■ Exercise
Look through the data below for the line with "せり300グラム　u_u様専用" and the line with "L Anomalie De", then output those two and all lines in between, exactly as written.
───── Material provided
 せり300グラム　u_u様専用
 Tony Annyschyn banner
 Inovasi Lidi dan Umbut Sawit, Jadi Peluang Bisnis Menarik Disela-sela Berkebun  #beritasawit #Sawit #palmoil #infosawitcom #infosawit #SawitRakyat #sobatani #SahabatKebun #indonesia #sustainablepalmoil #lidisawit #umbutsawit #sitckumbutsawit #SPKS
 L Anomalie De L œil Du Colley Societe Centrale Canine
──────────
───── Material provided
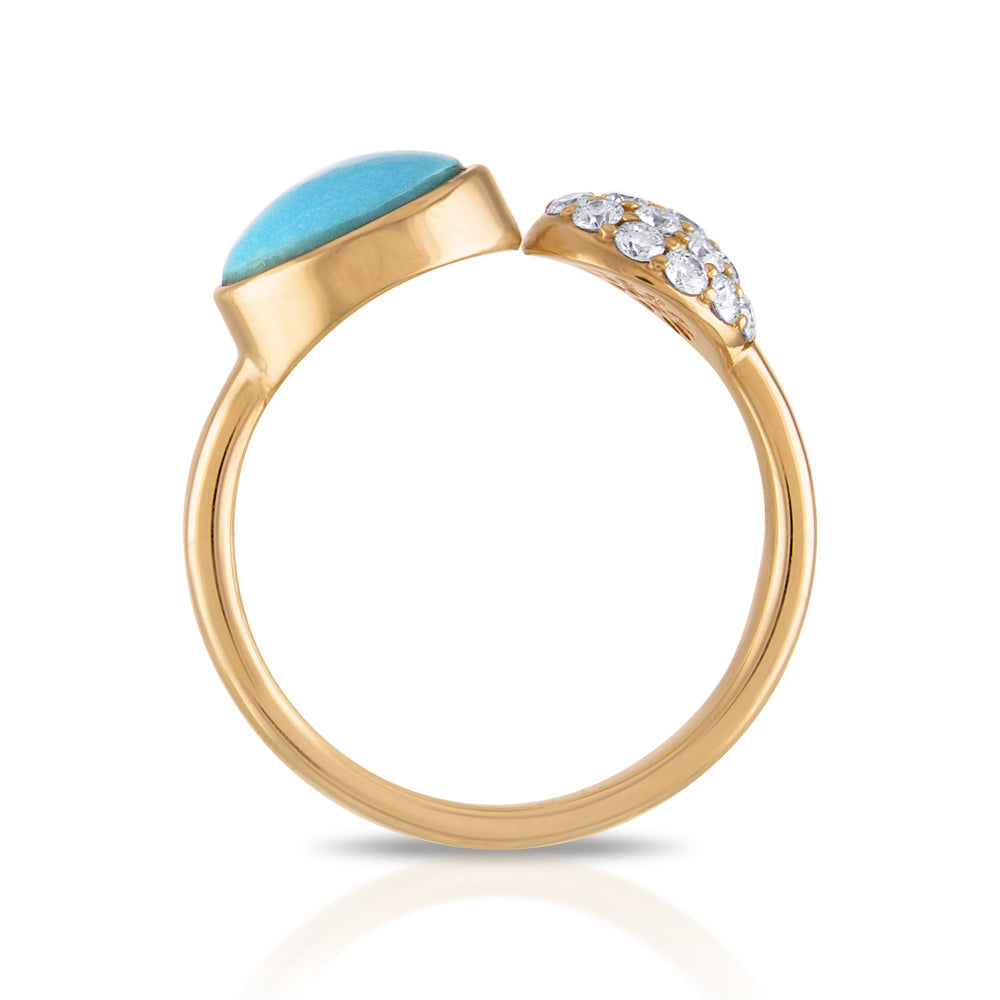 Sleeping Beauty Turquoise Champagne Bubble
──────────
───── Material provided
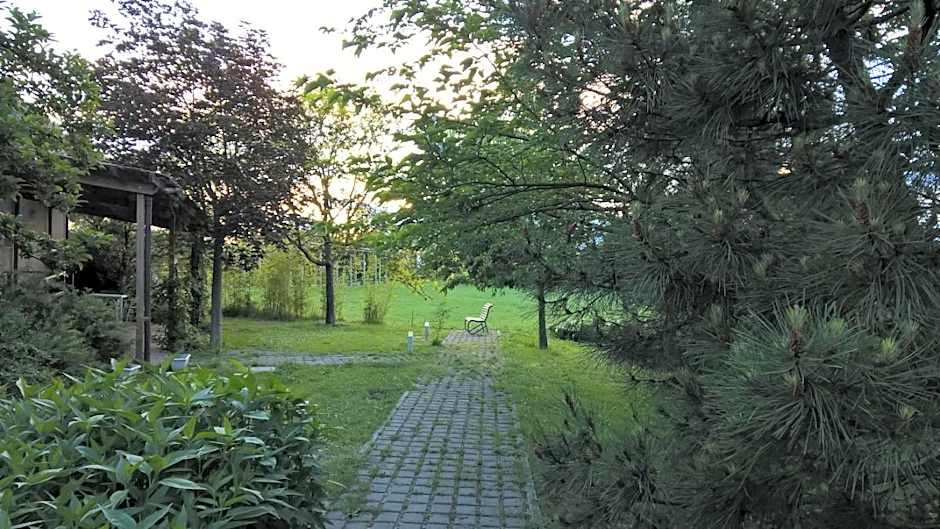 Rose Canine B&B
──────────
■ Expected output
 せり300グラム　u_u様専用
 Tony Annyschyn banner
 Inovasi Lidi dan Umbut Sawit, Jadi Peluang Bisnis Menarik Disela-sela Berkebun  #beritasawit #Sawit #palmoil #infosawitcom #infosawit #SawitRakyat #sobatani #SahabatKebun #indonesia #sustainablepalmoil #lidisawit #umbutsawit #sitckumbutsawit #SPKS
 L Anomalie De L œil Du Colley Societe Centrale Canine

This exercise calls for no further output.